There is described below the fifth embodiment of the present invention in detail. Referring to FIG. 11A, the plurality of scanning lines G1, G2, . . . , Gn−1, Gn are arranged in one direction, and the plurality of data lines D1, D2, . . . , Dn−1, Dn intersect the scanning lines. The first and second switches 71 and 73 are formed at the left and right sides of each data line, respectively. Each of the first and second switches 71 and 73 consists of thin film transistors, each thin film transistor being an N-type or P-type thin film transistor. The gate of the second thin film transistor 71b of the first switch 71 located at the left of the data line D1 is connected to the (n−1)th scanning line, and the gate of its first thin film transistor 71a is connected to the nth scanning line. The second switch 73 formed at the right side of each data line includes the third and fourth thin film transistors both of which are connected to the nth scanning line. Here, the second switch 73 car be configured of a single thin film transistor.
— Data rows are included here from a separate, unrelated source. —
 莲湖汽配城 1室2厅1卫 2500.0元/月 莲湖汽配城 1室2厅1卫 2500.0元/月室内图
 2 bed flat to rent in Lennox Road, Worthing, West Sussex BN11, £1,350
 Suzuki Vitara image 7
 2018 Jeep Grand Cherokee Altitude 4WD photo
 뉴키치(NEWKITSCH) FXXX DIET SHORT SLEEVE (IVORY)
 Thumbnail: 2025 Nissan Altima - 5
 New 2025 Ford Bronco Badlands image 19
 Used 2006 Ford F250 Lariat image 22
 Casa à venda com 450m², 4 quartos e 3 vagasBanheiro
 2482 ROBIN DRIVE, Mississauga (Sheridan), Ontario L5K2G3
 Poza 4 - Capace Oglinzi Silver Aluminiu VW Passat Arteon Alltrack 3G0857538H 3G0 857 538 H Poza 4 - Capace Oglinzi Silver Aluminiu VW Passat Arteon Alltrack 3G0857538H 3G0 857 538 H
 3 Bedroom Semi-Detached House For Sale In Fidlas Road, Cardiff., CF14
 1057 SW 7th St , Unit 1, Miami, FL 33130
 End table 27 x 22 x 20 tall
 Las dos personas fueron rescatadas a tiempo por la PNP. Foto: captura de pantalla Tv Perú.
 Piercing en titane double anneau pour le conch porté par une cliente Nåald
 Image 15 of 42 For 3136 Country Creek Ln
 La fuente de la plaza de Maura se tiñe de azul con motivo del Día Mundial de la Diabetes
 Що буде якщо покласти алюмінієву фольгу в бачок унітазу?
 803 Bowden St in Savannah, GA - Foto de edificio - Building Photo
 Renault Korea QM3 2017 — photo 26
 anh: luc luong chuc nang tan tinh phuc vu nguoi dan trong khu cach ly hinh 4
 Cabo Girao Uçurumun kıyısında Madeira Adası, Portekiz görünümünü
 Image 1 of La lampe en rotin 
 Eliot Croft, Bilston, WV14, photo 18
There is explained below in more detail the operation of the liquid crystal display according to the fifth embodiment of the present invention with reference to the portion “X” of FIG. 11A. As shown in FIG. 11B, the scanning line Gn receives a ‘high’ signal during one horizontal period, and the previous scanning line Gn−1 receives the ‘high’ signal during only the first half section (a) thereof. During the period where both of the corresponding scanning line Gn and previous scanning line Gn−1 are in the ‘high state’, the thin film transistors constructing the first and second switches 71 and 73 are all turned on, to deliver a corresponding video signal to the first and second pixel electrodes 71c and 73c.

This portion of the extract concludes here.